A branch of Computer Science that has raised debate in schools, workplaces, companies, etc. is Artificial Intelligence (AI). AI systems perform tasks that mimic human behaviors such as language translation, image recognition, and delivering reproduced content and knowledge. Many of these tasks would have needed reasoning, learning, problem-solving, and creativity.
A popular subset of generative AI systems are Large Language Models (LLMS), foundation models that are trained on a large dataset to learn knowledge to be applied for a specific purpose. The model finds relationships and patterns on the data it is trained on. OpenAI, an artificial intelligence research and deployment company, came out with Generative Pre-trained Transformers (GPT) that does the learning that powers their ChatGPT3.5 and ChatGPT4.0. Other well-known applications include Google Bard, Bing Chat, Phind, Github Copilot, and more. Updated versions have subsequently been released for each version, based on newer web content, books, Wikipedia articles, news articles, social media posts, code snippets, and more.
ChatGPT is my go-to generative AI tool and the only one I have used. Personally, many of my classes condone using AI to complete assignments because it is seen akin to cheating. Students are rather encouraged to produce original content and truly show comprehension of the material. Using free, mostly-accurate tools like ChatGPT can put you at risk for plagiarism or various academic consequences. I find it hard to believe that most students would actually have enough self-discipline to not use ChatGPT. The internet is readily at our fingertips.
While taking ICS 314 (Software Engineering) at UH Mānoa, the use of generative AI seems to stand in a middle ground. While we are encouraged to watch solutions to coding exercises and try to do them separately on our own, we are not necessarily penalized for generative AI either. When the time came to submit these exercises, we were required to declare whether we used the help of generative AI or not. Although it ultimately had no bearing on our grade, it was easy to say you did not. In my opinion, coming to terms that the academic landscape is using ChatGPT is crucial. We have to face a new reality that AI is here to stay in education, and we must find the best ways to use it.
I did not use ChatGPT for the Experience WODs, which were coding exercises completed at home. Video solutions are provided and we actually were encouraged to repeat these experiences multiple times to make sure we fully understood the concept. Otherwise it would have avoided the purpose of them in the first place.
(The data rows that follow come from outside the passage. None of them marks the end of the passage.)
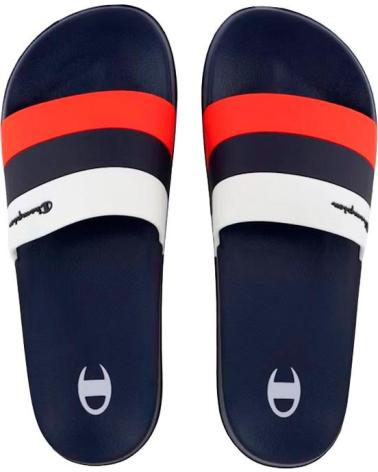 Woman Flip flops CHAMPION CHANCLA ALL AMERICA GS S32934-BS501 AZUL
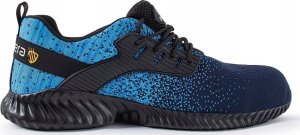 PROCERA TEXO-FLY GRAY S1 - Półbuty ochronne TEXO-FLY GRAY S1 ze stalowym podnoskiem 44 10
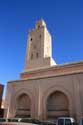 Bab Doukkala Mosque Marrakech / Morocco: 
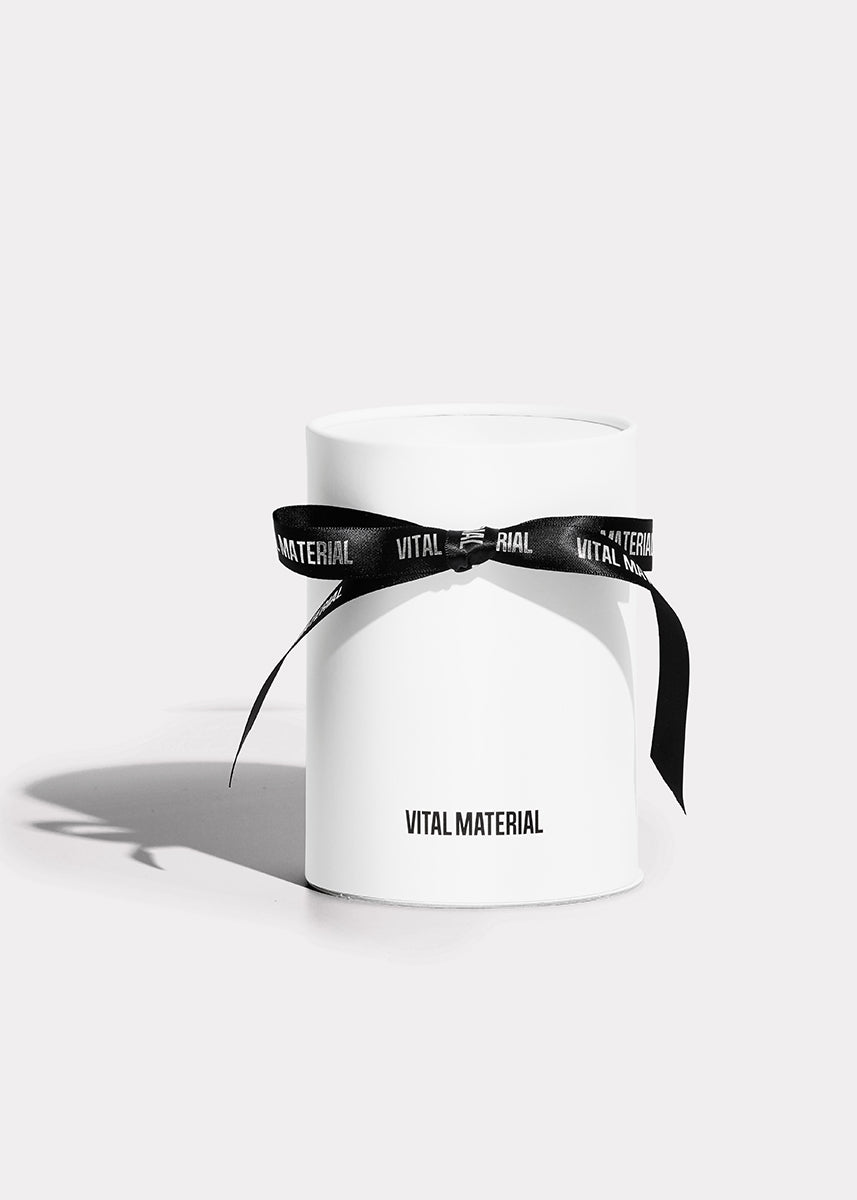 VITAL MATERIAL ラウンドボックスセット (ハンドジェルレモン + リップバームサクラ )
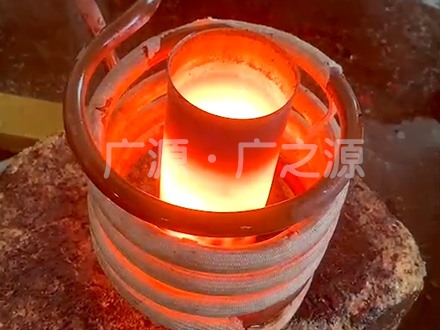 Stainless steel annealing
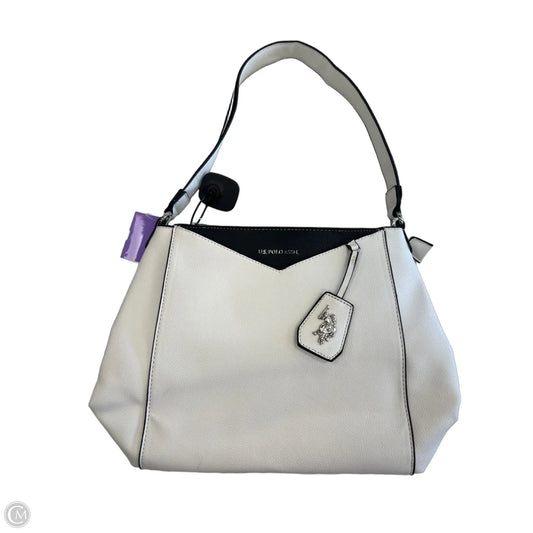 Handbag By Us Polo Assoc, Size: Large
Similar to the Experience WODs, I was not motivated to use ChatGPT for this. I embraced being stuck since we were able to work with group members and spend the entire class period. There was no penalty on our grade for not being able to find the solution, because it was just practice.
I did not use ChatGPT for the in-class WODs as I found that the weekly practice sessions held by the TAs and the online documentations were helpful. We also were not penalized for using the internet, so I had past projects as examples when I got stuck. The solutions from practice exercises for this class were more helpful than ChatGPT responses.
I never attempted to use AI in writing my essays or for ideas, in caution of plagiarism. Writing my essays in a typing software like Microsoft Word or Google Docs catches a good number of errors before I post them to GitHub.
Since we were participating in the Hawai‘i Annual Coding Challenge this semester (HACC), we decided to create an optimized version of the UH Ask Us Site and carry it on as our final project. I gave an example later in this essay of how I used ChatGPT. Since we used other technologies such as Pinecone and OpenAI that were not covered in the ICS 314 modules, we dedicated a lot of our time researching. This time constraint led us to try troubleshooting using ChatGPT, by simply copying and pasting the error in. Without it, we would not have progressed as far in our final project.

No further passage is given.